◆ What the task requires: Beginning with the line below that contains "Một lớp học ở Cuba. Ảnh: Grandma" and ending with the line that contains "Самолеты против автомобилей", copy every line exactly. Copy nothing else.

◆ Given data:
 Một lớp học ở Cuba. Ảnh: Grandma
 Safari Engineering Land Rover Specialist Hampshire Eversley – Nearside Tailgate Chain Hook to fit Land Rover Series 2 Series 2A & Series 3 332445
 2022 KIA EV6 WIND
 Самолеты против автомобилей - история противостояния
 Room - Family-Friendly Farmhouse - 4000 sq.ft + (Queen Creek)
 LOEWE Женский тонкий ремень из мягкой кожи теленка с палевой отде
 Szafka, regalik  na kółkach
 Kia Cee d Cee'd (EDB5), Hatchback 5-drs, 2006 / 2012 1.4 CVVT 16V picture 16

...

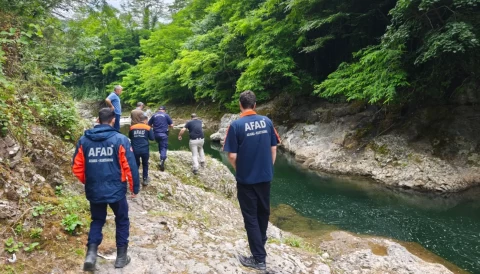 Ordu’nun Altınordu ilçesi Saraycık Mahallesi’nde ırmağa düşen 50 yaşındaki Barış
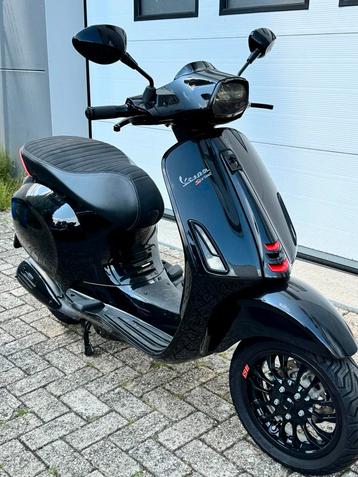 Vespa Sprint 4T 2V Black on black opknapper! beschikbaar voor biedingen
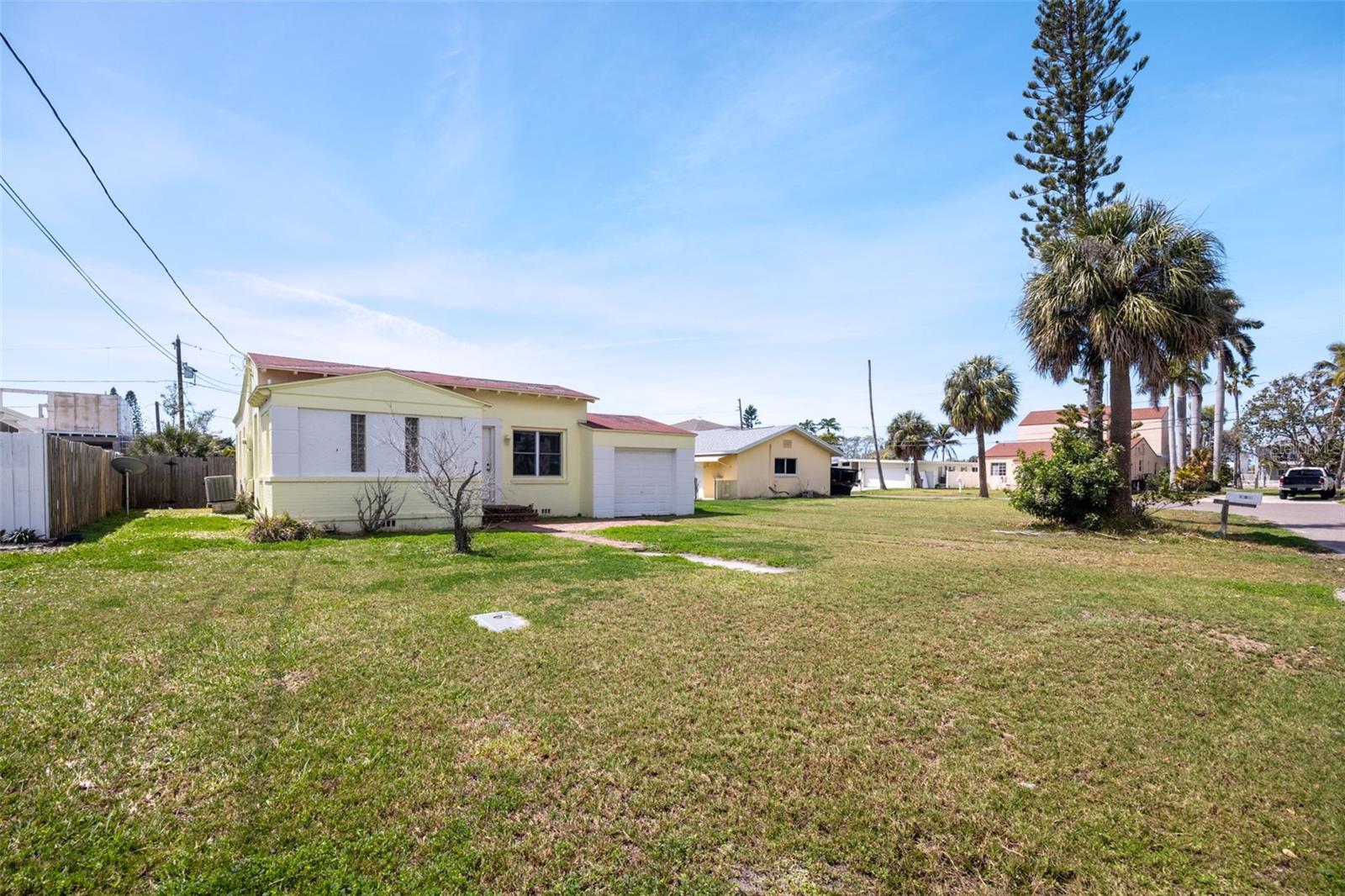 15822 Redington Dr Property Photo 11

---

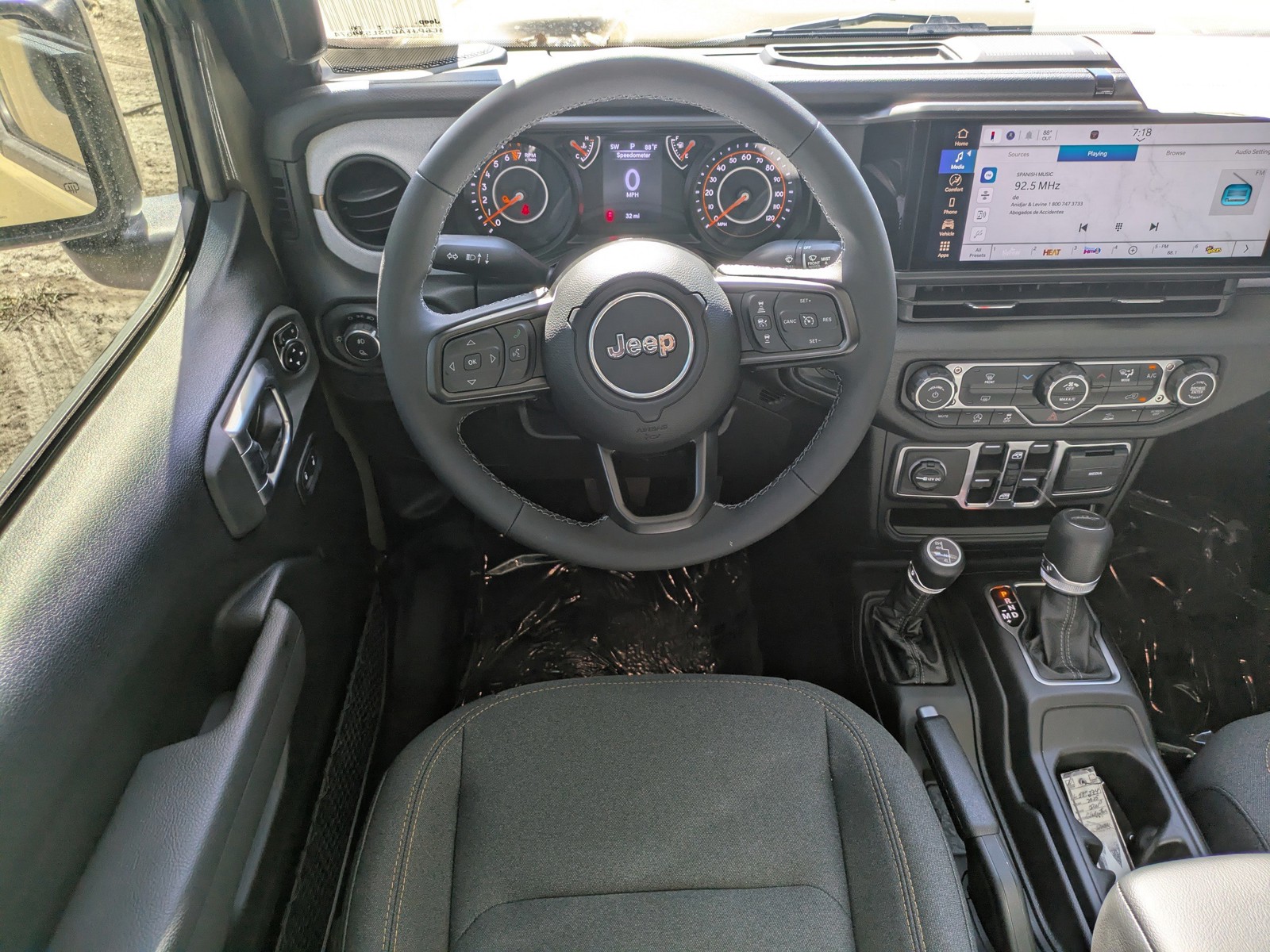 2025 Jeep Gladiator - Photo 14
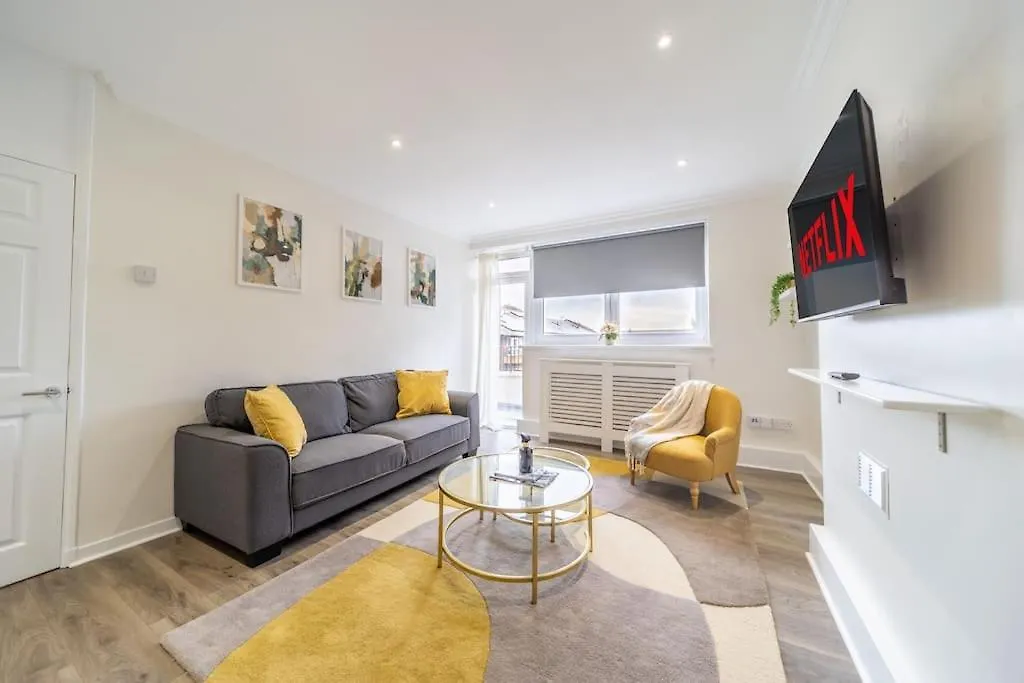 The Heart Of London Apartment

◆ Finished task:
 Một lớp học ở Cuba. Ảnh: Grandma
 Safari Engineering Land Rover Specialist Hampshire Eversley – Nearside Tailgate Chain Hook to fit Land Rover Series 2 Series 2A & Series 3 332445
 2022 KIA EV6 WIND
 Самолеты против автомобилей - история противостояния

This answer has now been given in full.